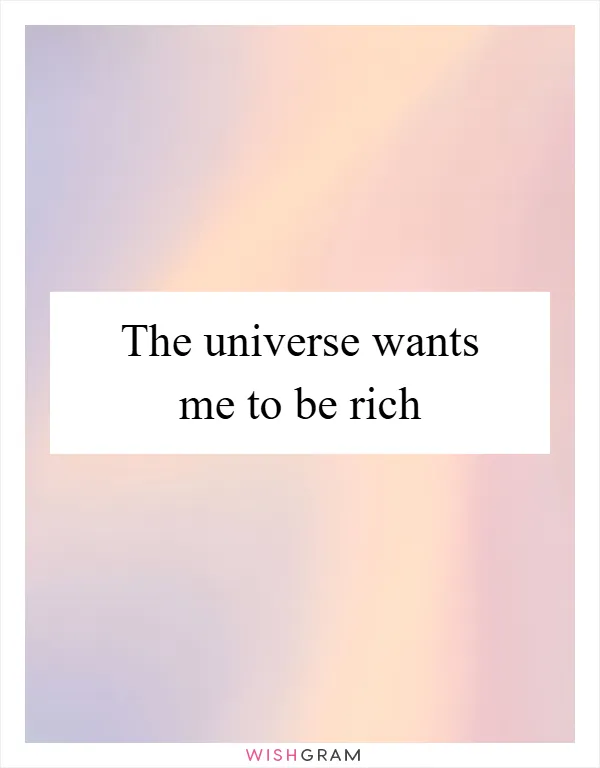 The universe wants me to be rich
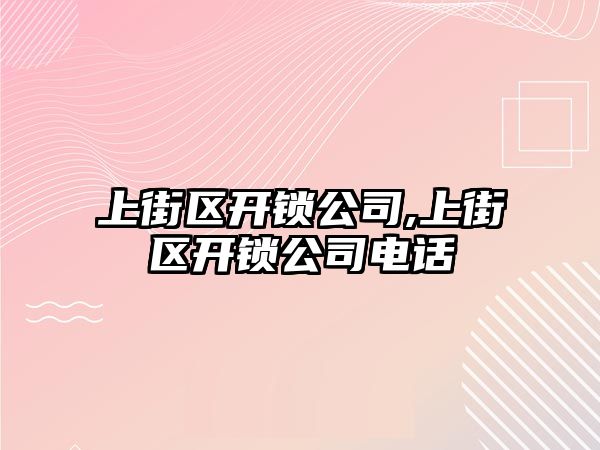 上街區開鎖公司,上街區開鎖公司電話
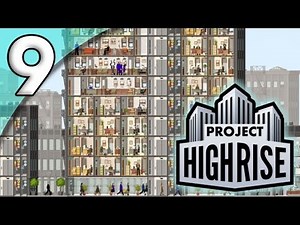 Project Highrise *Extended First Taste* - 9. Lake Point Tower - Let's Play Project Highrise Gameplay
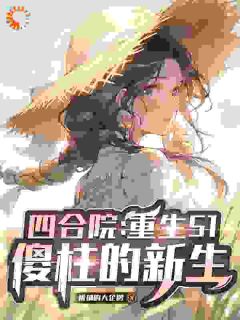 抖音小说何雨柱何雨水何雨柱何雨水无弹窗试读
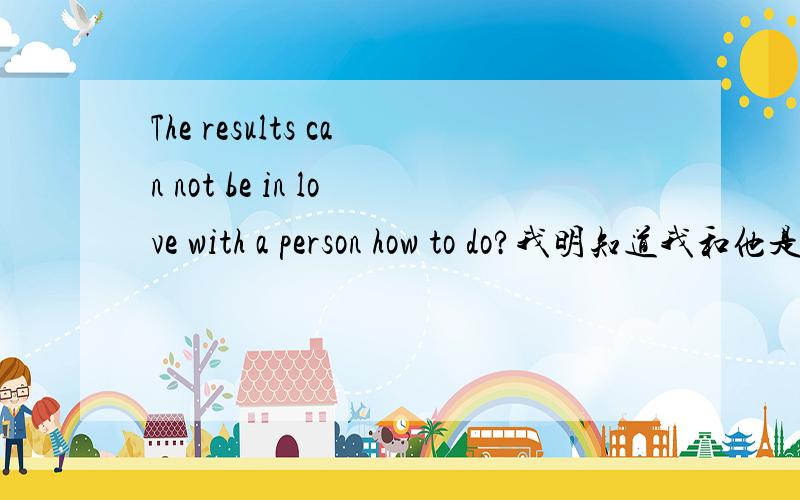 The results can not be in love with a person how to do?我明知道我和他是两个不同世界的人,可是还是栽了进去.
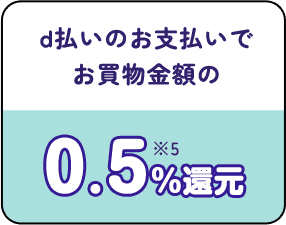 d払いのお支払いでお買物金額の0.5%還元 ※5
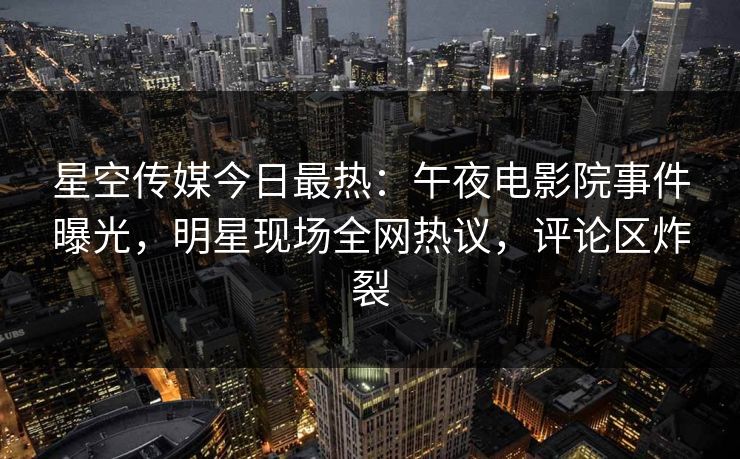 星空传媒今日最热：午夜电影院事件曝光，明星现场全网热议，评论区炸裂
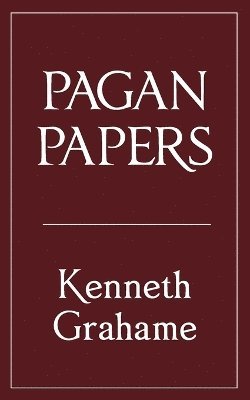 Kenneth Grahame - Pagan Papers, Häftad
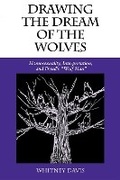 Cover: Drawing the Dream of the Wolves - Indiana University Press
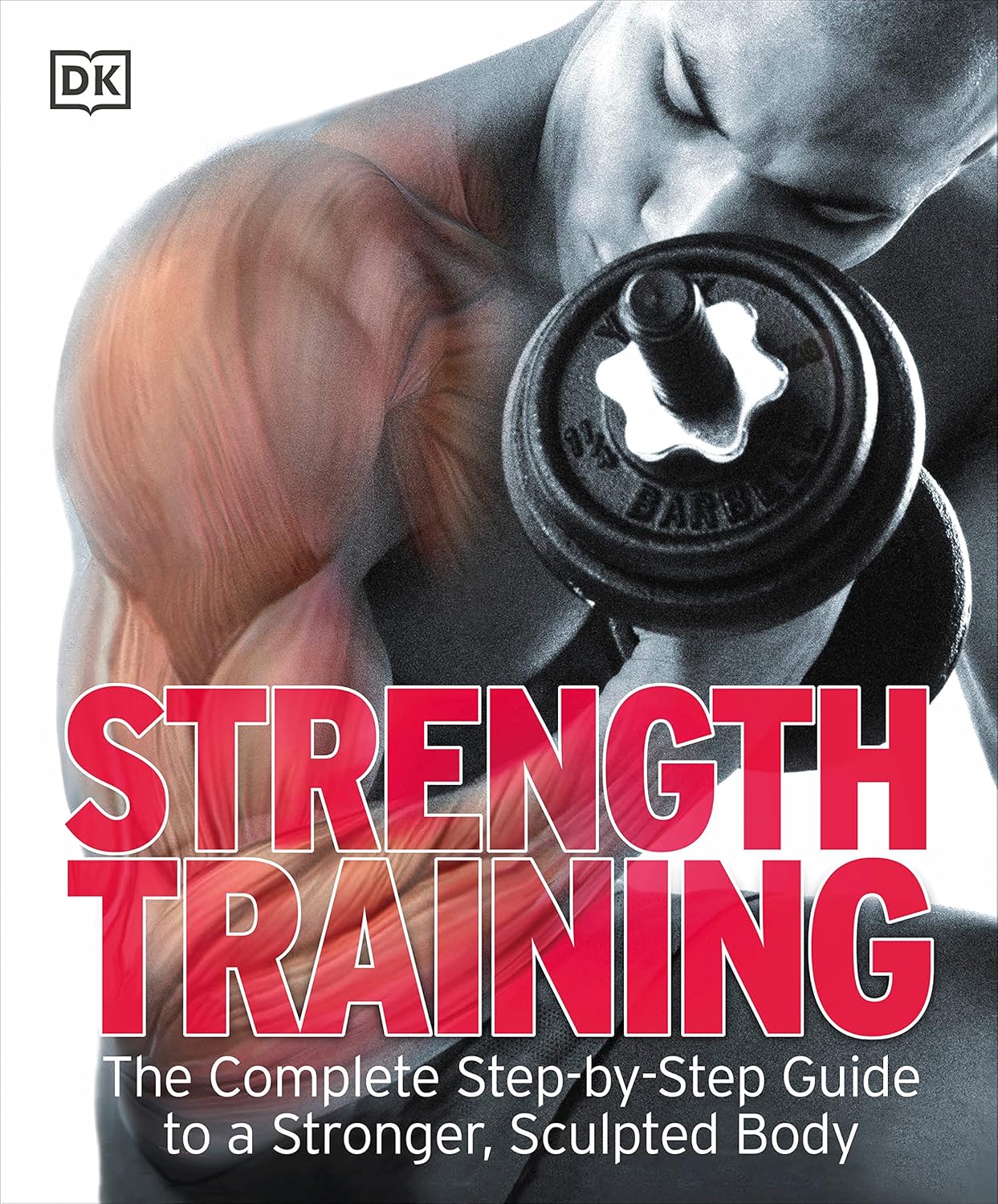Strength Training: The Complete Step-by-Step Guide... by DK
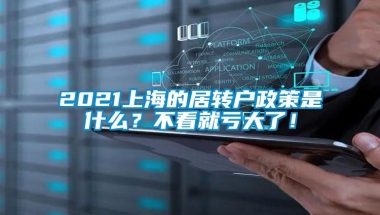 2021上海的居转户政策是什么？不看就亏大了！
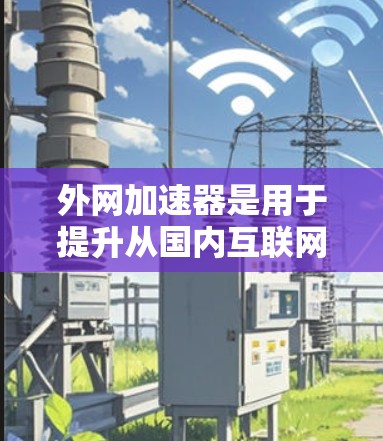 外网加速器是用于提升从国内互联网进入国外互联网的流量效率的工具。以下是几种常用的外网加速器推荐 外网加速器是用于提升从国内互联网进入国外互联网的流量效率的工具。以下是几种常用的外网加速器推荐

Task: In the listing above, find the line with "d払いのお支払いでお買物金額の0.5%還元 ※5" and the line with "2021上海的居转户政策是什么？不看就亏大了！". Set down exactly those lines and everything between them, skipping pictures.

Worked solution:
 d払いのお支払いでお買物金額の0.5%還元 ※5
 星空传媒今日最热：午夜电影院事件曝光，明星现场全网热议，评论区炸裂
 Kenneth Grahame - Pagan Papers, Häftad
 Cover: Drawing the Dream of the Wolves - Indiana University Press
Strength Training: The Complete Step-by-Step Guide... by DK
 2021上海的居转户政策是什么？不看就亏大了！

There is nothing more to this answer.